Starting with the first line below, extract each line through the one that contains "Pollo en salsa de miel y mostaza en sartén", inclusive, excluding pictures.

▶ [Data listing]:

# # #

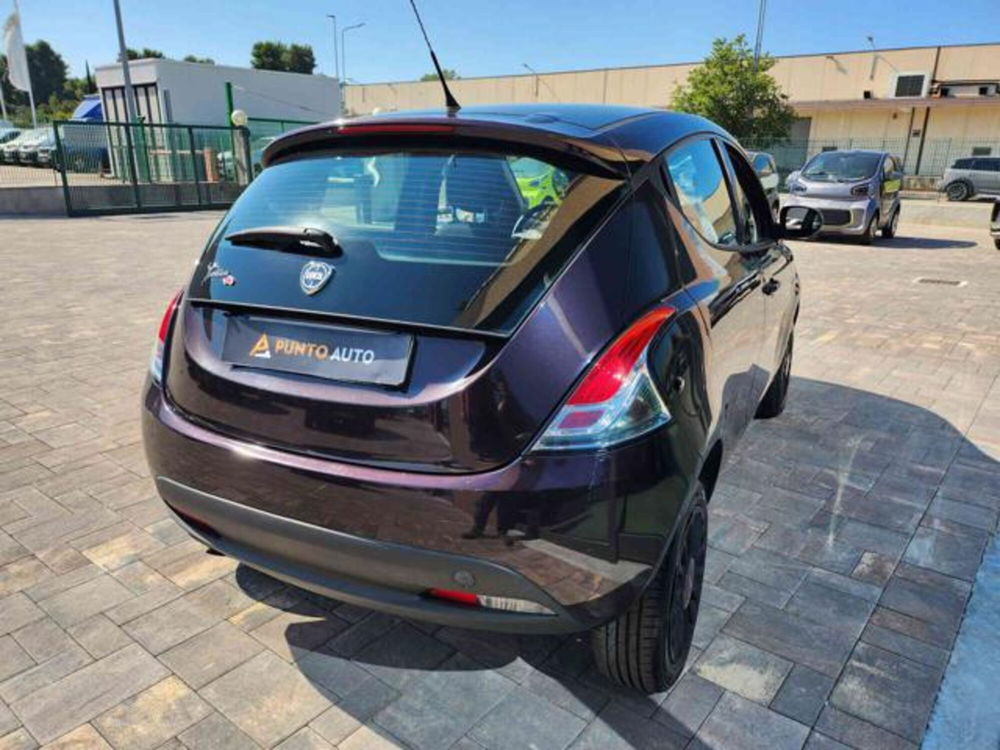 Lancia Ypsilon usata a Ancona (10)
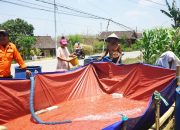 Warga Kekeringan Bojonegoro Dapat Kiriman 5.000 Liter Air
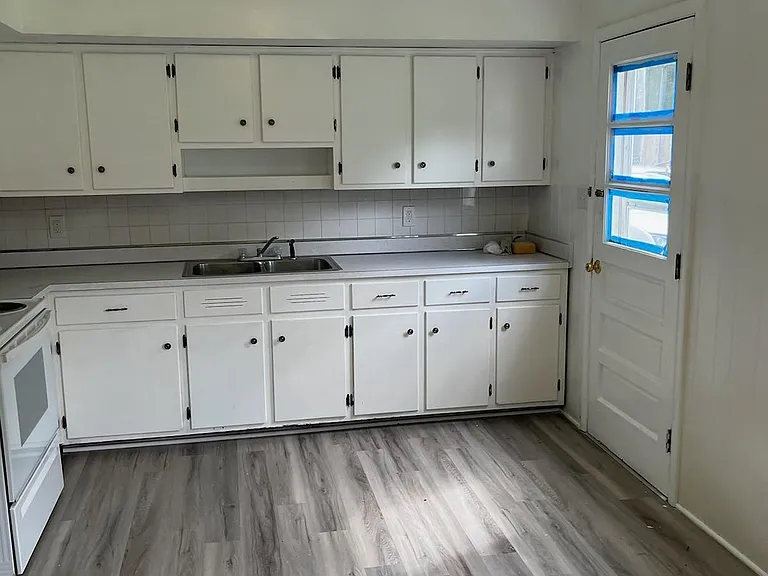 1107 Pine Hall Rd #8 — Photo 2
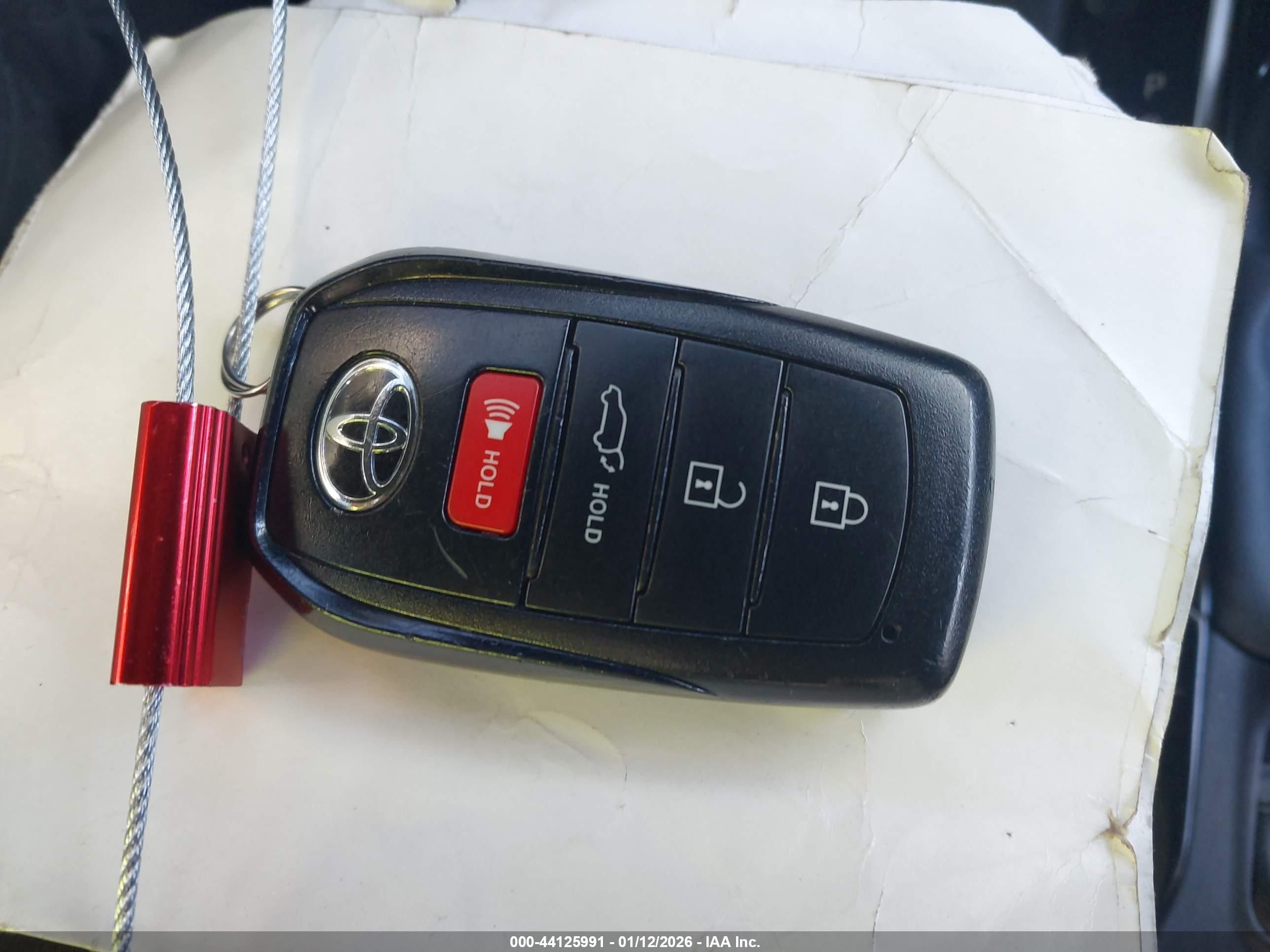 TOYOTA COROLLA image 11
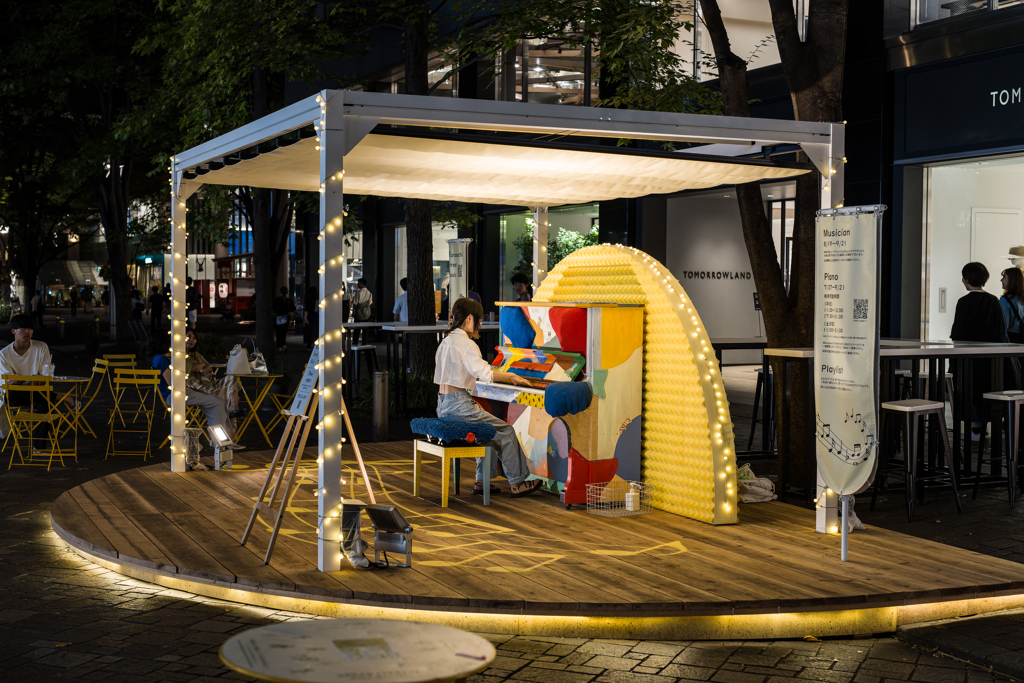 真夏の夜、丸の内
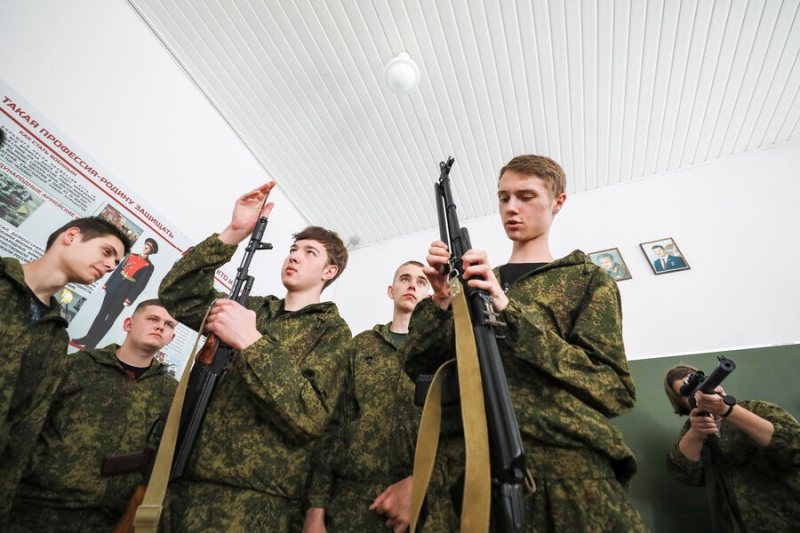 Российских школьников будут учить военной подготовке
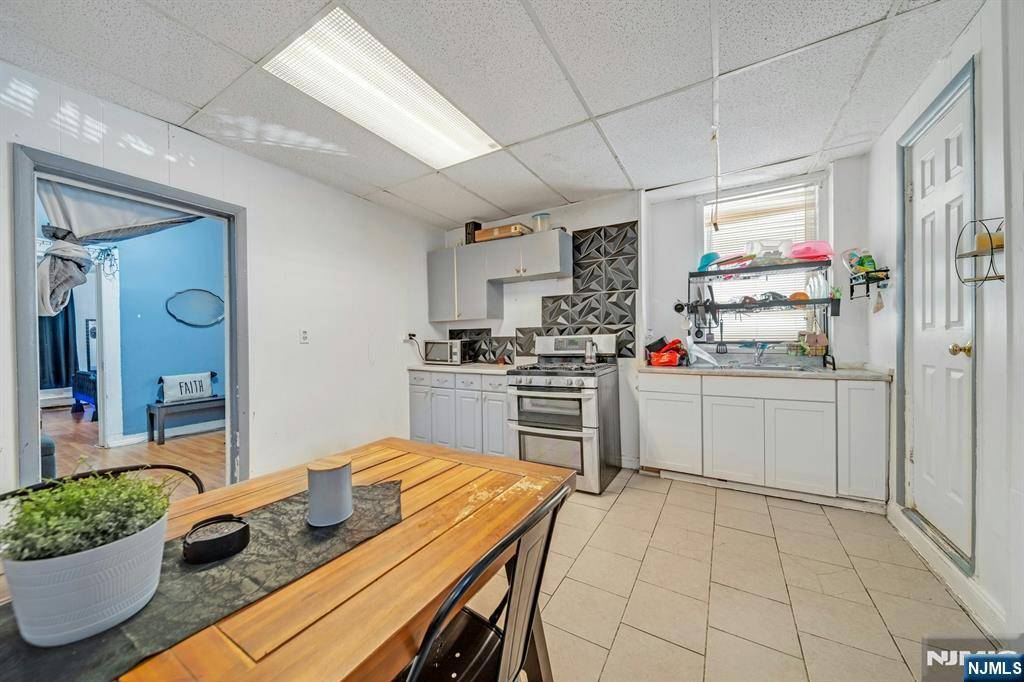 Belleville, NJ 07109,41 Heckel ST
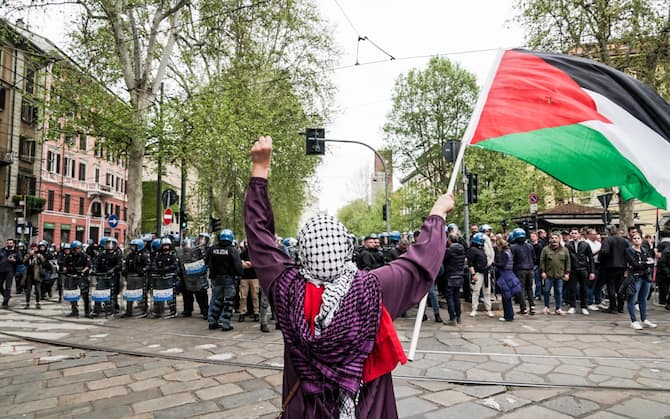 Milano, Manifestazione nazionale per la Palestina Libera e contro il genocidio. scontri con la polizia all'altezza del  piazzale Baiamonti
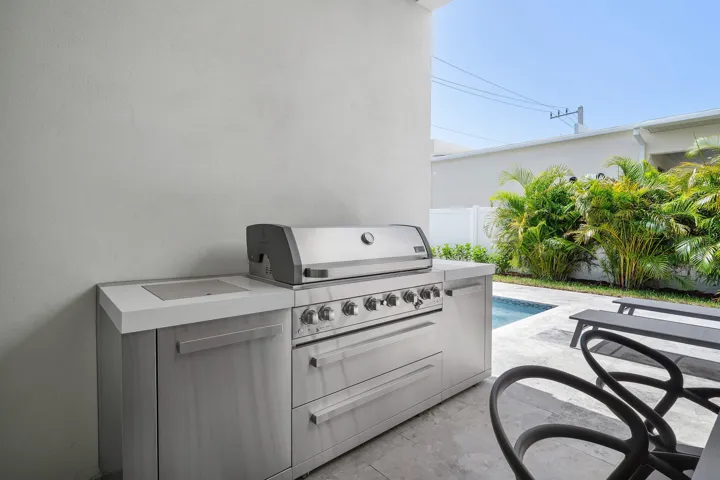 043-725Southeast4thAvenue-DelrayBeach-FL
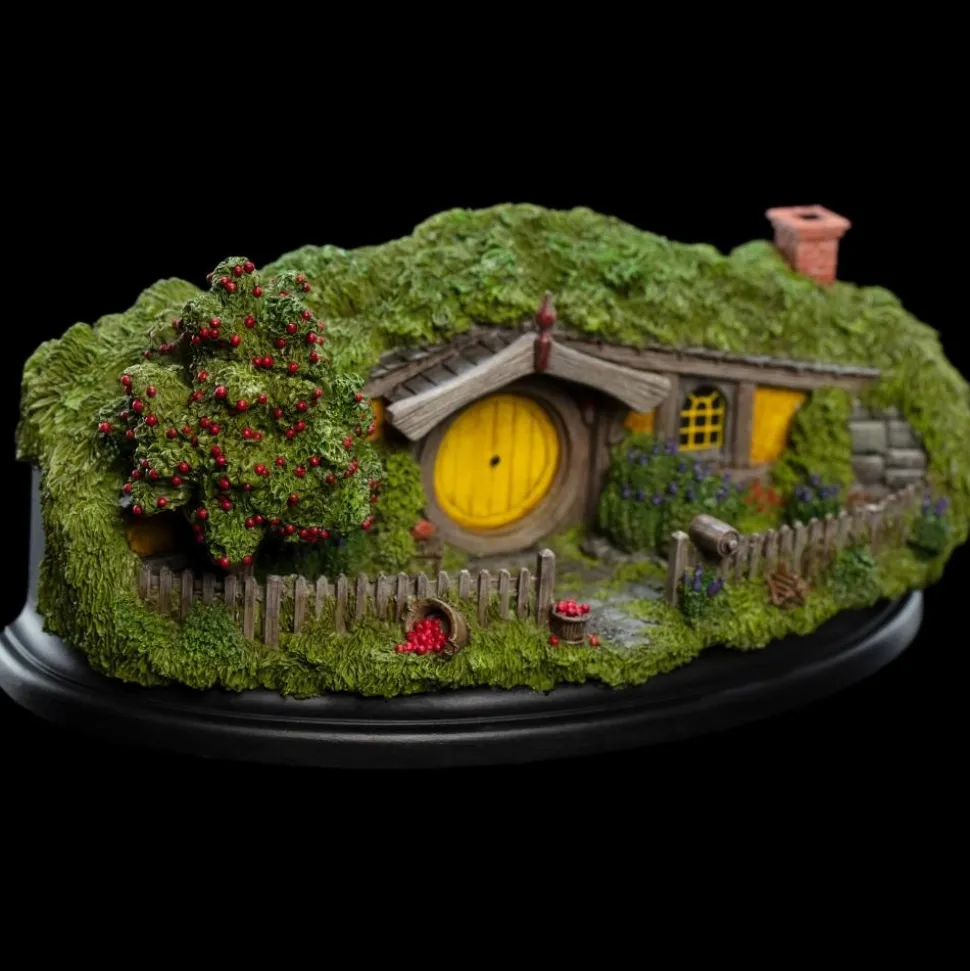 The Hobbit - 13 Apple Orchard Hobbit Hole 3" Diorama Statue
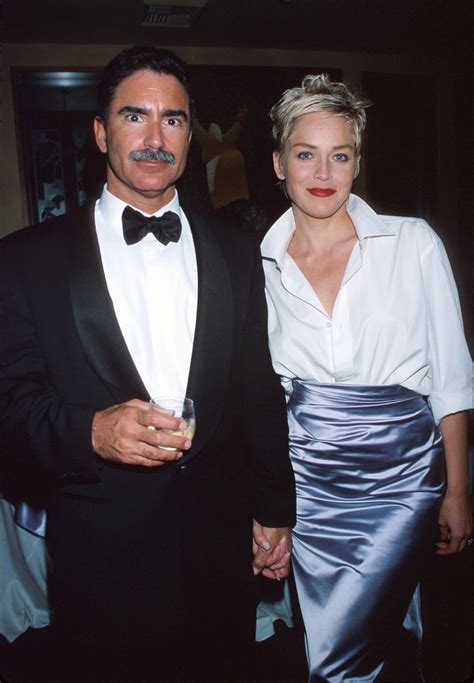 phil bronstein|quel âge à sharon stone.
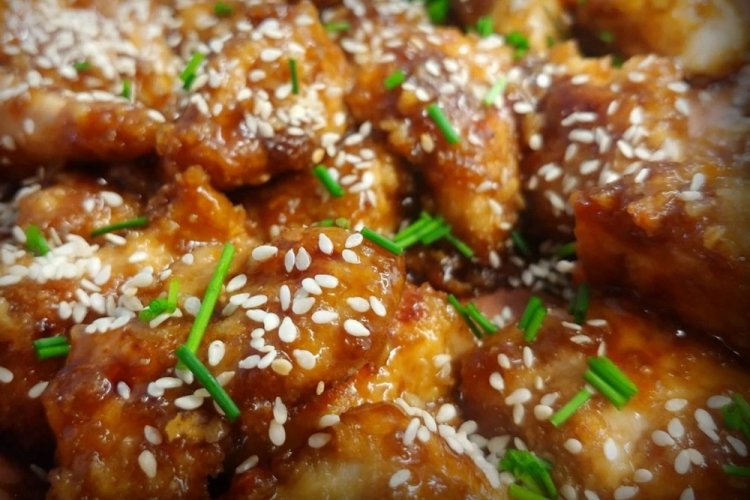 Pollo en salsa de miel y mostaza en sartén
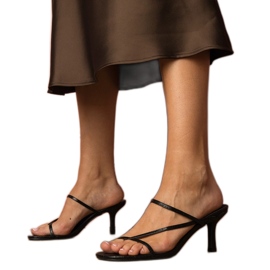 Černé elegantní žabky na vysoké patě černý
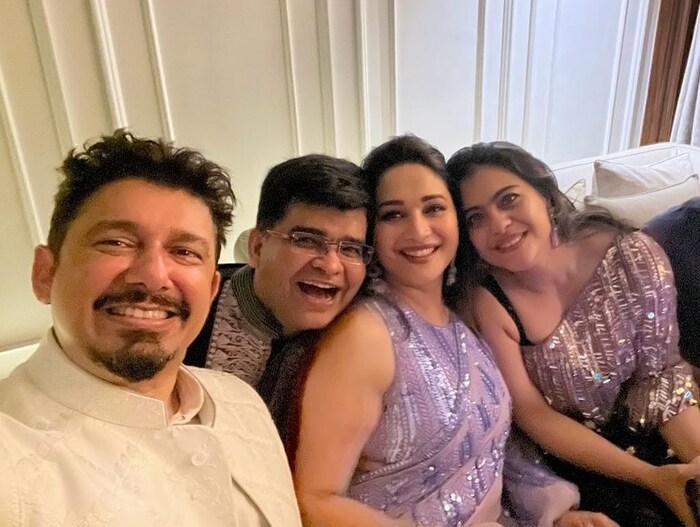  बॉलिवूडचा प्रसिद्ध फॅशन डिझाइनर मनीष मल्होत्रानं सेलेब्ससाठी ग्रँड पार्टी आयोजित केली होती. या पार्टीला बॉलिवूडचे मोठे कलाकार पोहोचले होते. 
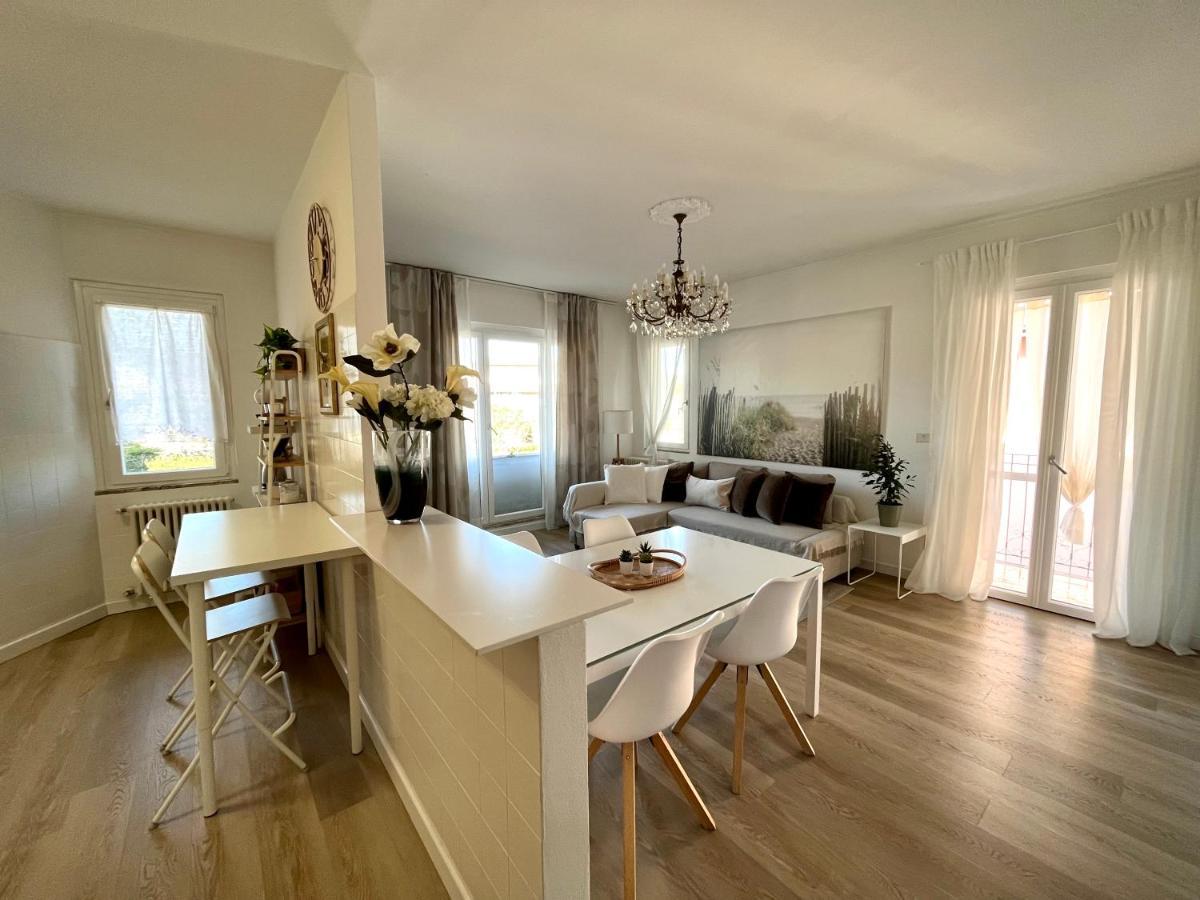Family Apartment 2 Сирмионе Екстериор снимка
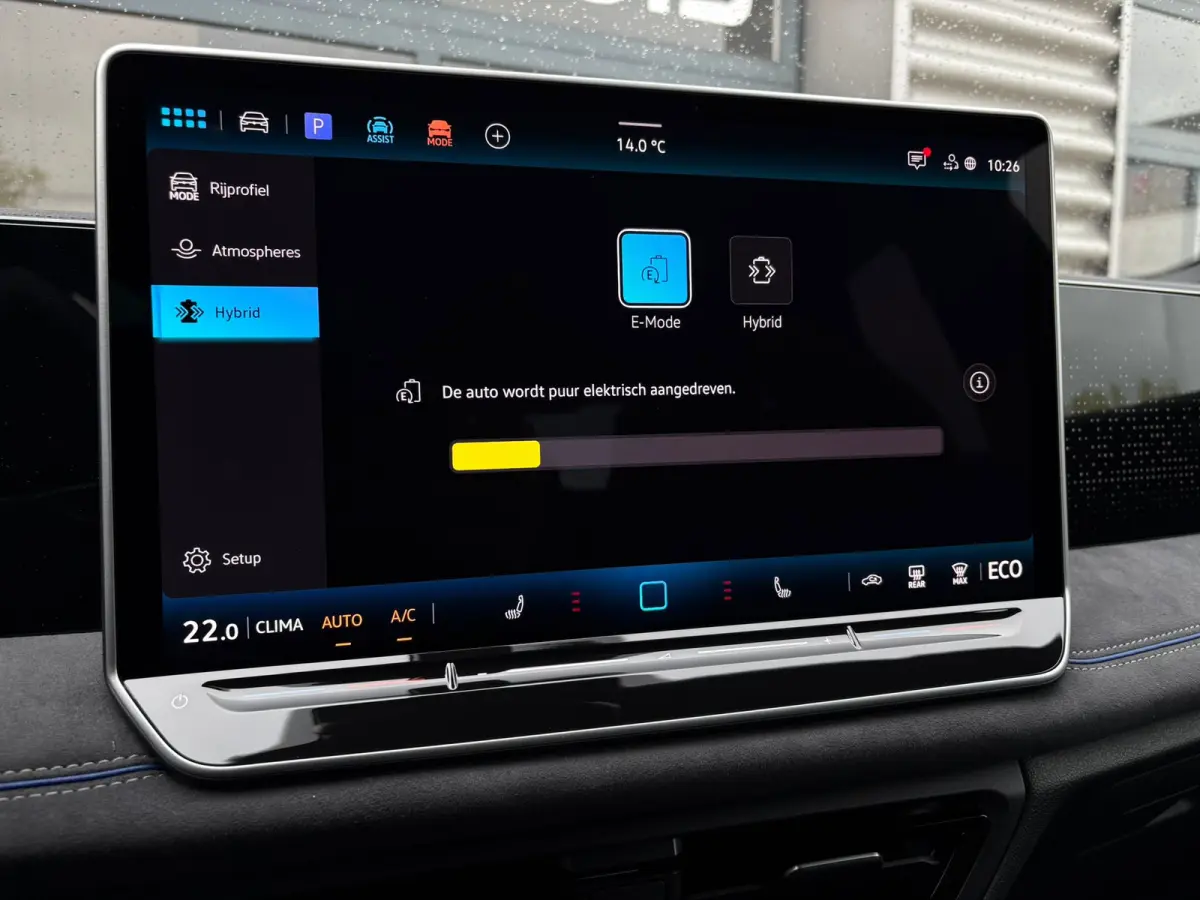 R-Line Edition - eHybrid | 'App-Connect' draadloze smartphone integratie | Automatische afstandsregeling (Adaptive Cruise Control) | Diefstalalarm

# # #

▶ [Your response]:
 Lancia Ypsilon usata a Ancona (10)
 Warga Kekeringan Bojonegoro Dapat Kiriman 5.000 Liter Air
 1107 Pine Hall Rd #8 — Photo 2
 TOYOTA COROLLA image 11
 真夏の夜、丸の内
 Российских школьников будут учить военной подготовке
 Belleville, NJ 07109,41 Heckel ST
 Milano, Manifestazione nazionale per la Palestina Libera e contro il genocidio. scontri con la polizia all'altezza del  piazzale Baiamonti
 043-725Southeast4thAvenue-DelrayBeach-FL
 The Hobbit - 13 Apple Orchard Hobbit Hole 3" Diorama Statue
 phil bronstein|quel âge à sharon stone.
 Pollo en salsa de miel y mostaza en sartén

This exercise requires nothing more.